**Problem requirements:** The response should be an exact copy of the records, with the pictures removed.
════
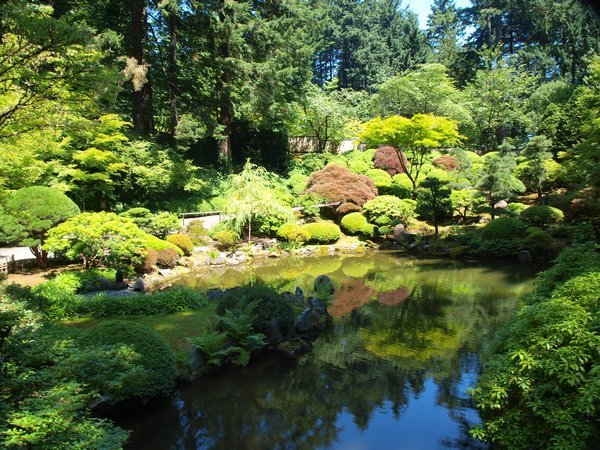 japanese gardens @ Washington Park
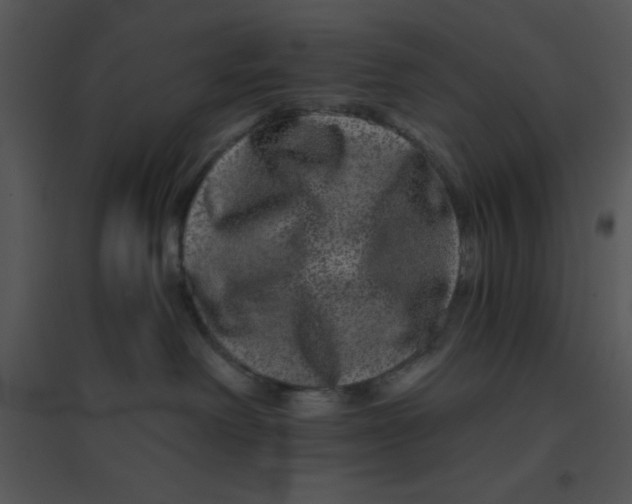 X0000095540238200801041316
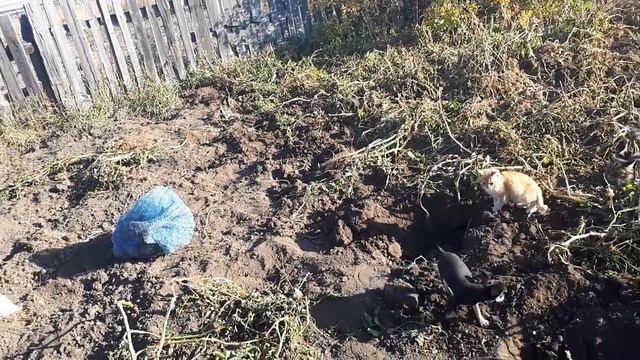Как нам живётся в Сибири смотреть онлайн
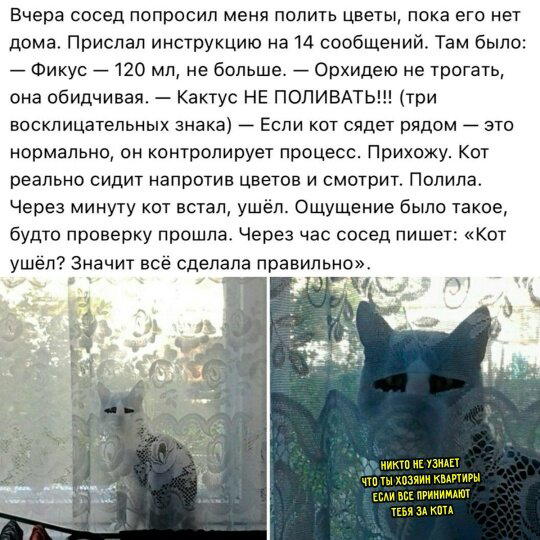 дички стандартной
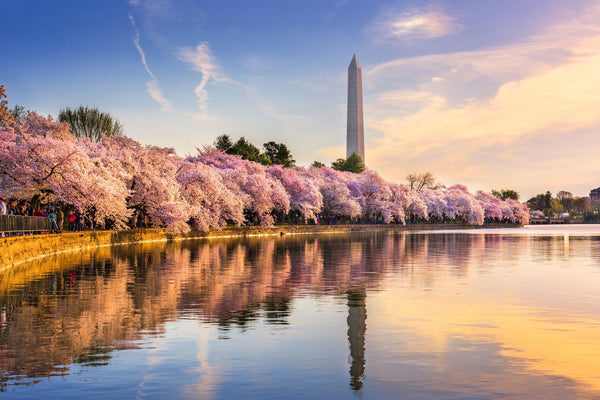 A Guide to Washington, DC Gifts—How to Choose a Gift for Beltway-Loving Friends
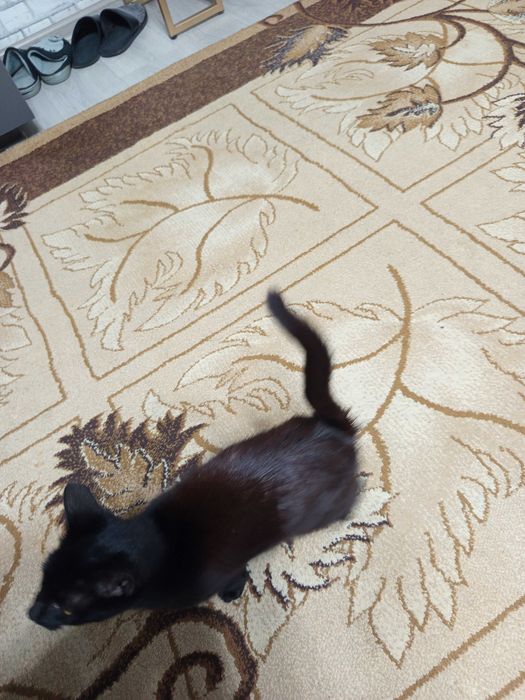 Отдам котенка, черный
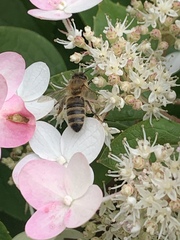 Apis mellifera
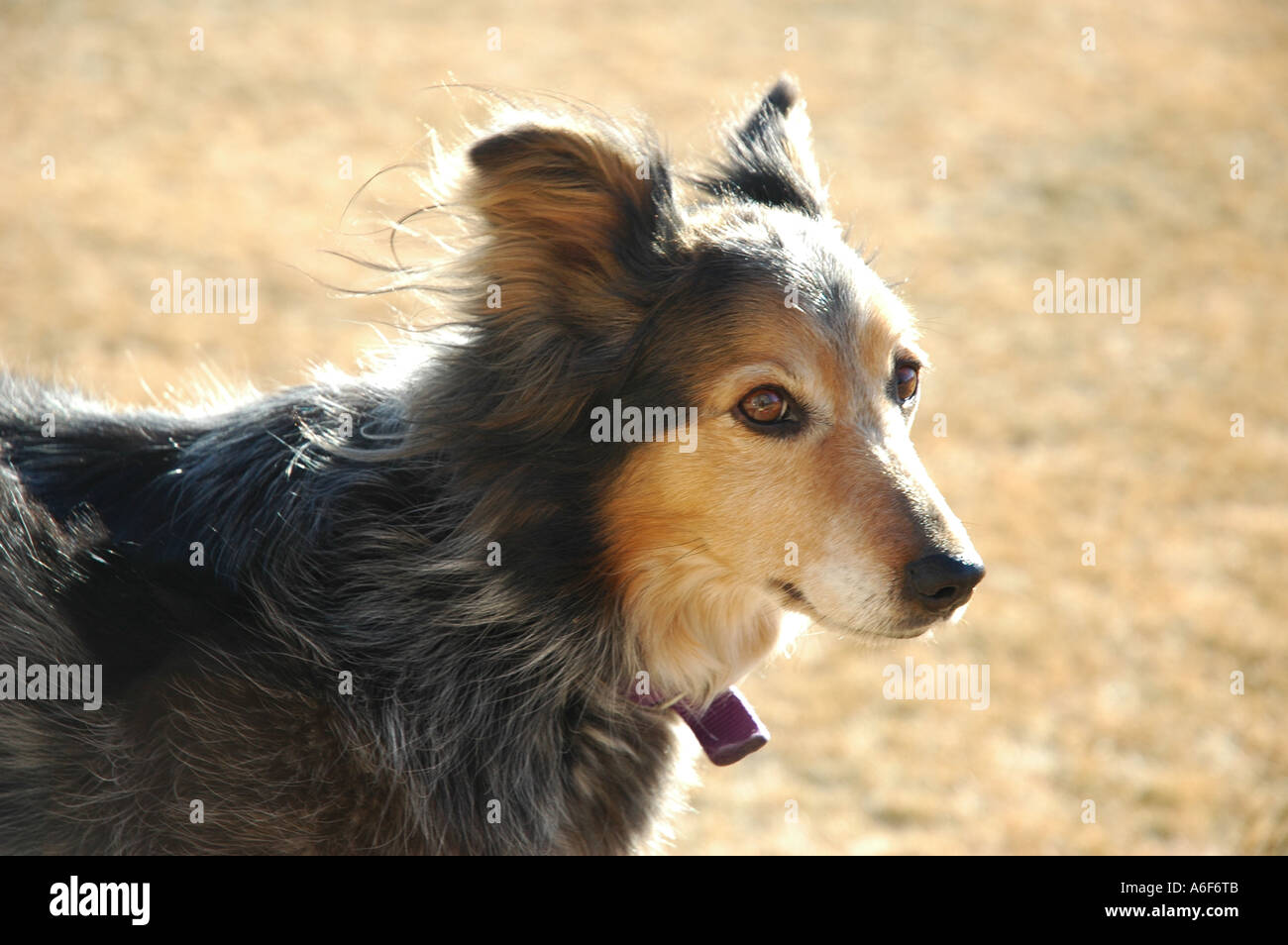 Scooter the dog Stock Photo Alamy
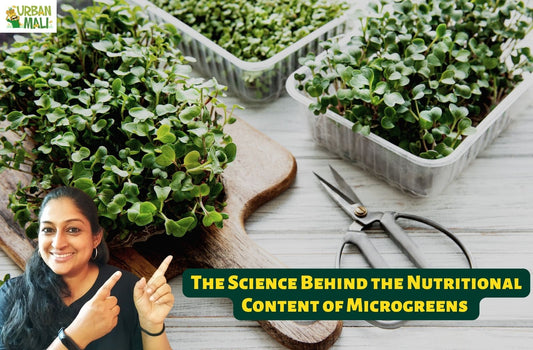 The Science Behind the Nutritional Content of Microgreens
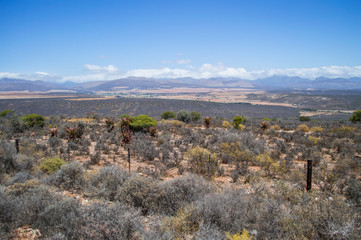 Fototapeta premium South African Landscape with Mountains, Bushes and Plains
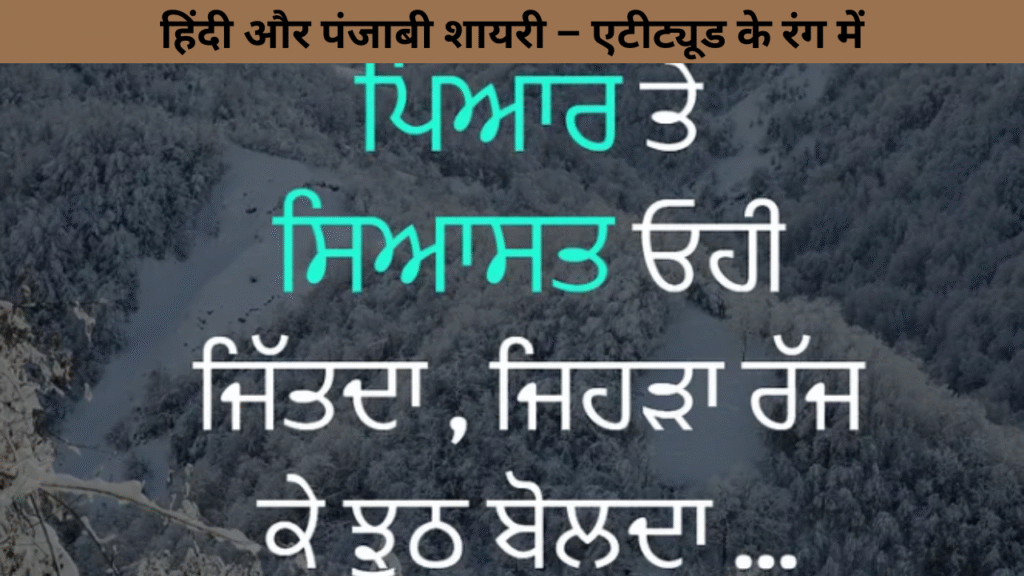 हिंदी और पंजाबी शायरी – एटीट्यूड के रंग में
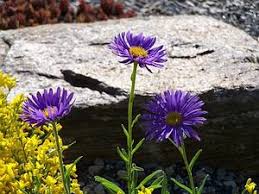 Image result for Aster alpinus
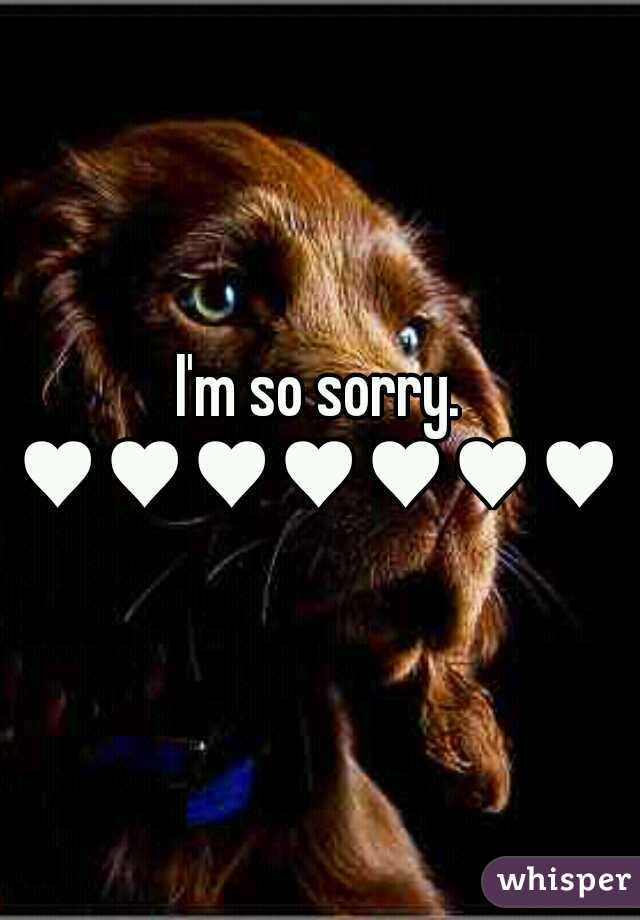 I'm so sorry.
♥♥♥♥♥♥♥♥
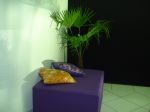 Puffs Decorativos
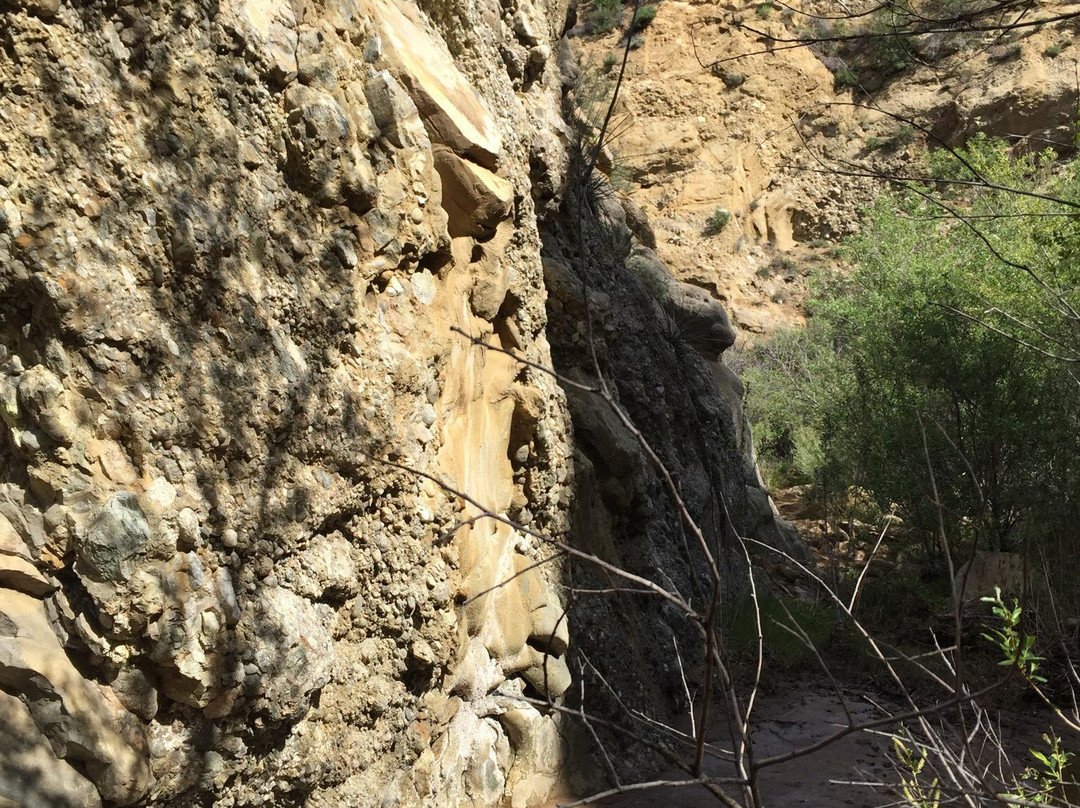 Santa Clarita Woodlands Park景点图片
════
**Answer to this exercise:**
 japanese gardens @ Washington Park
 X0000095540238200801041316
Как нам живётся в Сибири смотреть онлайн
 дички стандартной
 A Guide to Washington, DC Gifts—How to Choose a Gift for Beltway-Loving Friends
 Отдам котенка, черный
 Apis mellifera
 Scooter the dog Stock Photo Alamy
 The Science Behind the Nutritional Content of Microgreens
 Fototapeta premium South African Landscape with Mountains, Bushes and Plains
 हिंदी और पंजाबी शायरी – एटीट्यूड के रंग में
 Image result for Aster alpinus
 I'm so sorry.
♥♥♥♥♥♥♥♥
 Puffs Decorativos
 Santa Clarita Woodlands Park景点图片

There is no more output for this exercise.